_ACTIVITY_.
Using the listing below, reproduce exactly the lines from the one with "Typical dutch landscape" through the last, with all pictures left out.

_RECORDS FOR THE EXERCISE_.

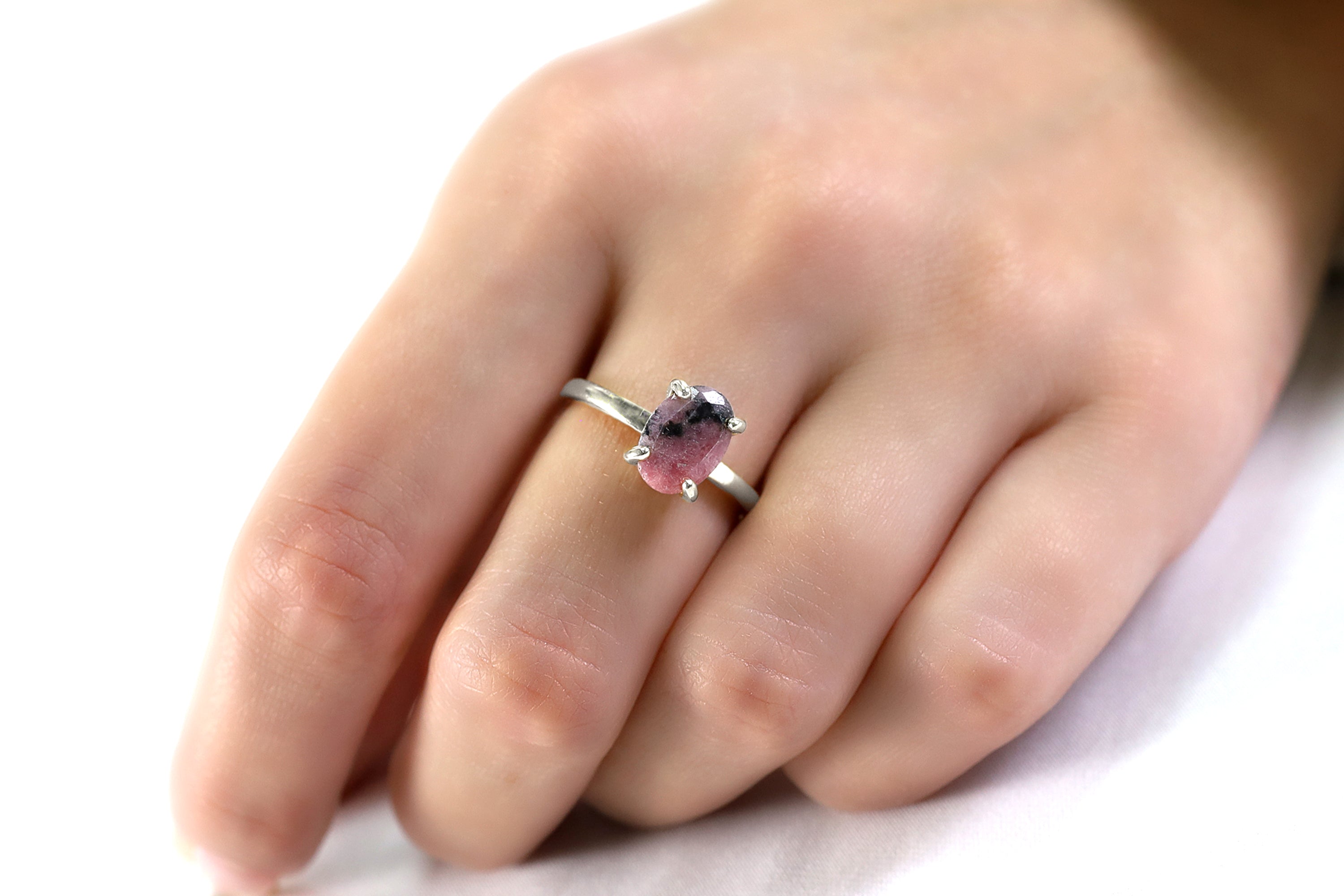 a close up of a person's hand with a ring on it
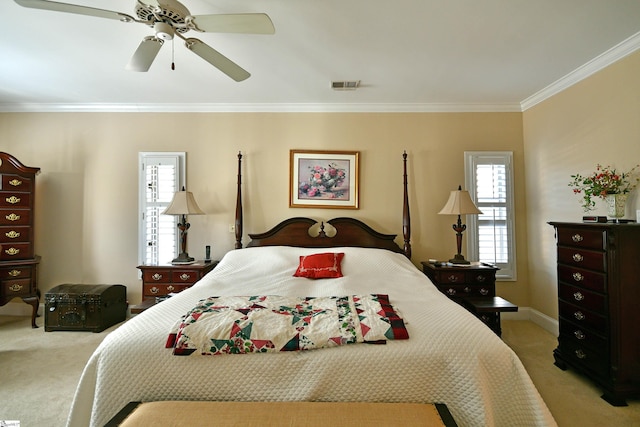 carpeted bedroom with crown molding and ceiling fan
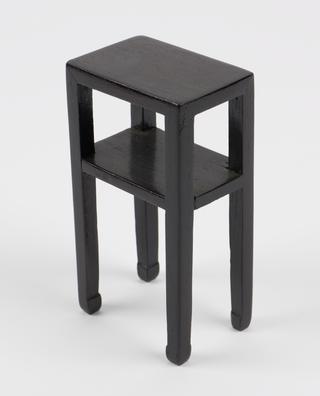 Black shelves for model of Chinese pharmacy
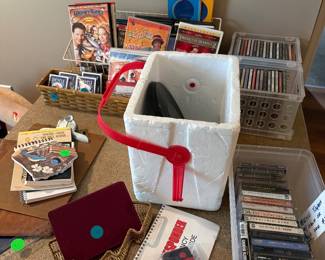 Media items… CDs, DVDs, records, cassette tapes, playing cards.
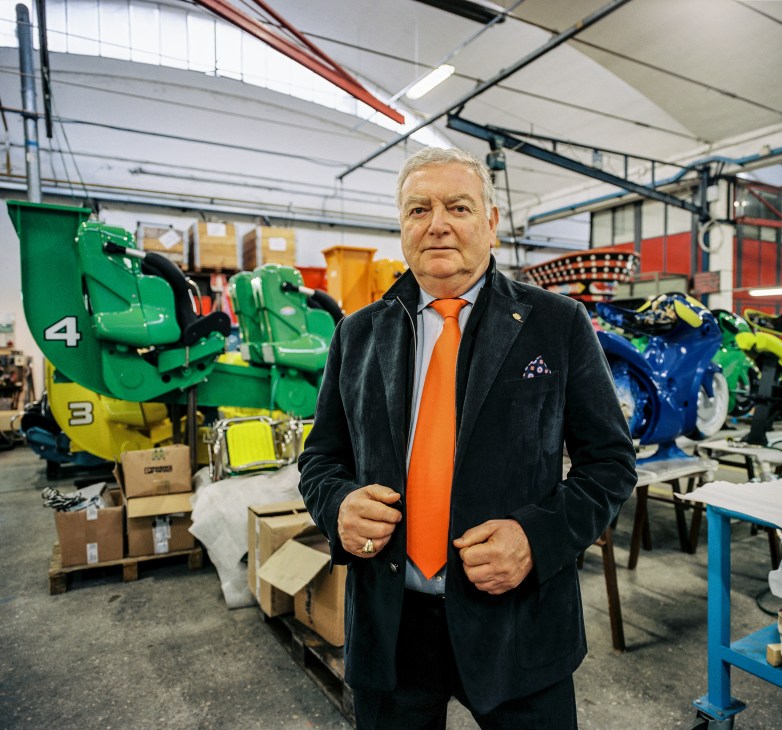 CEO Alberto Zamperla stands in the Zamperla factory among colorful ride components and machinery.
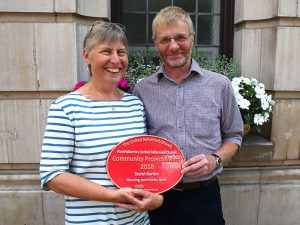Two people holding a Community Project Award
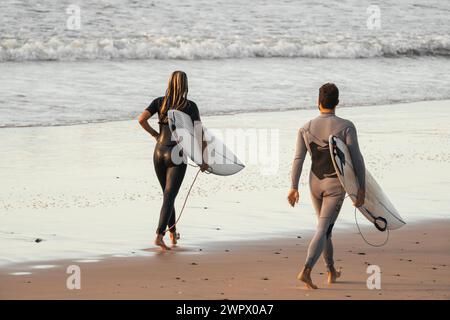 Nicht erkennbare Surfer gehen am Strand in Neoprenanzügen und halten ihre Surfbretter Stockfoto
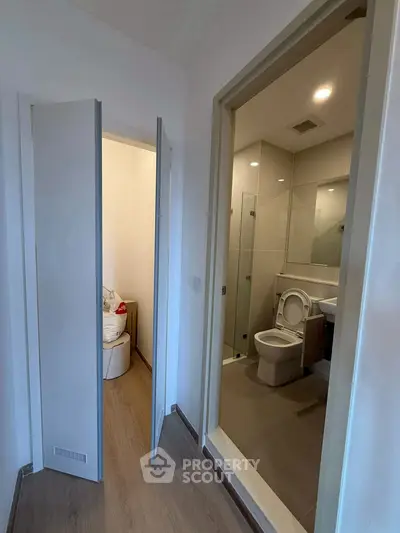 Modern apartment hallway with bathroom and storage area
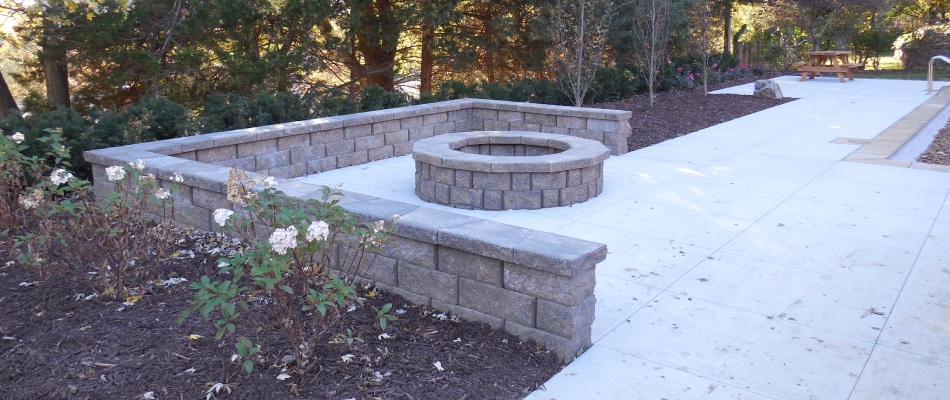 Seating wall installed by fire pit in Ralston, NE.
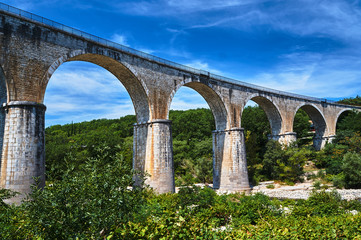 Stone, Railway viaduct over the River Ardeche in France..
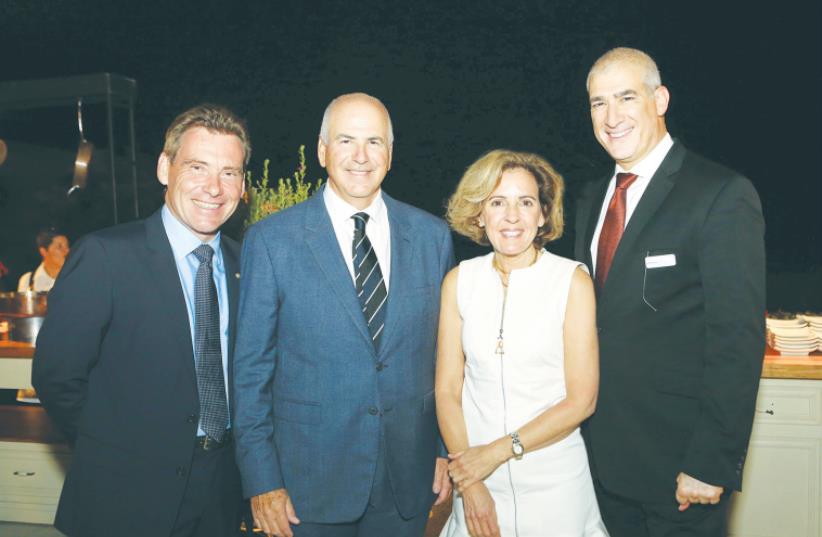 COMPANY EXECUTIVES attend the InterContinental Hotels Group conference opening ceremony in Tel Aviv earlier this week. From left: Didier Boidin, IHG’s vice president Europe for luxury and boutique hotels; Henry Taic, owner of the David InterContinental in Tel Aviv; Angela Brav, IHG’s regional CEO fo (photo credit: FABIAN KOLDORFF)
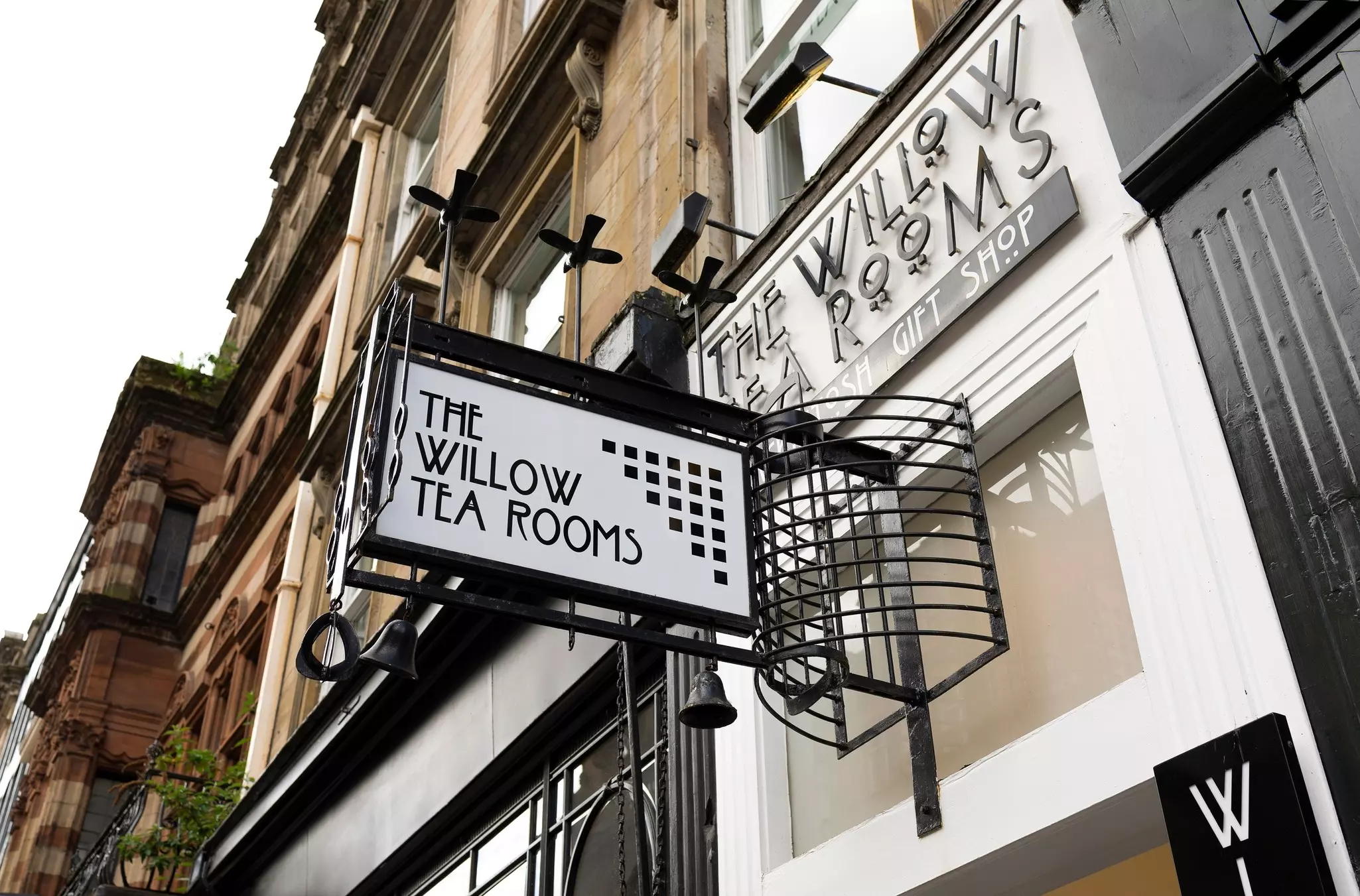 The black-and-white Willow Tea Rooms street sign in Glasgow, Scotland.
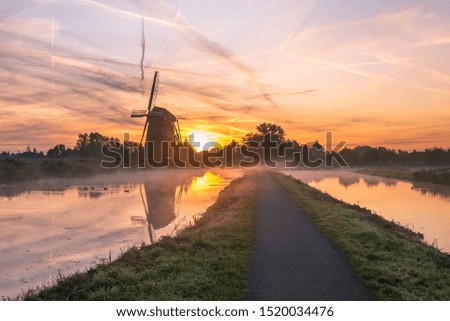 Typical dutch landscape image with windmill and fog over the water at sunrise
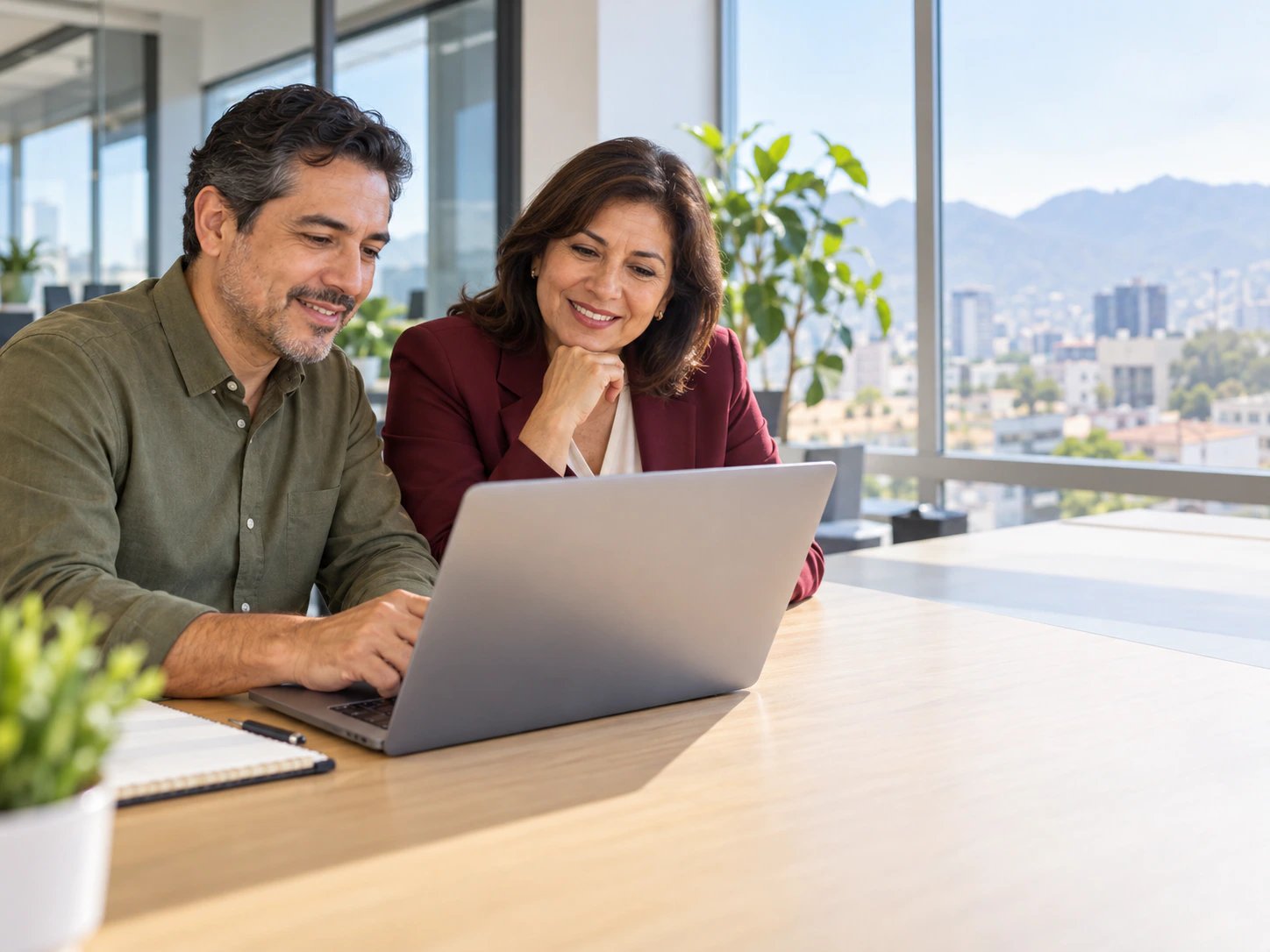 Dos profesionales revisando juntos un plan en una laptop, en una oficina con vista a la ciudad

_RESULT FOR THIS EXERCISE_.
 Typical dutch landscape image with windmill and fog over the water at sunrise
 Dos profesionales revisando juntos un plan en una laptop, en una oficina con vista a la ciudad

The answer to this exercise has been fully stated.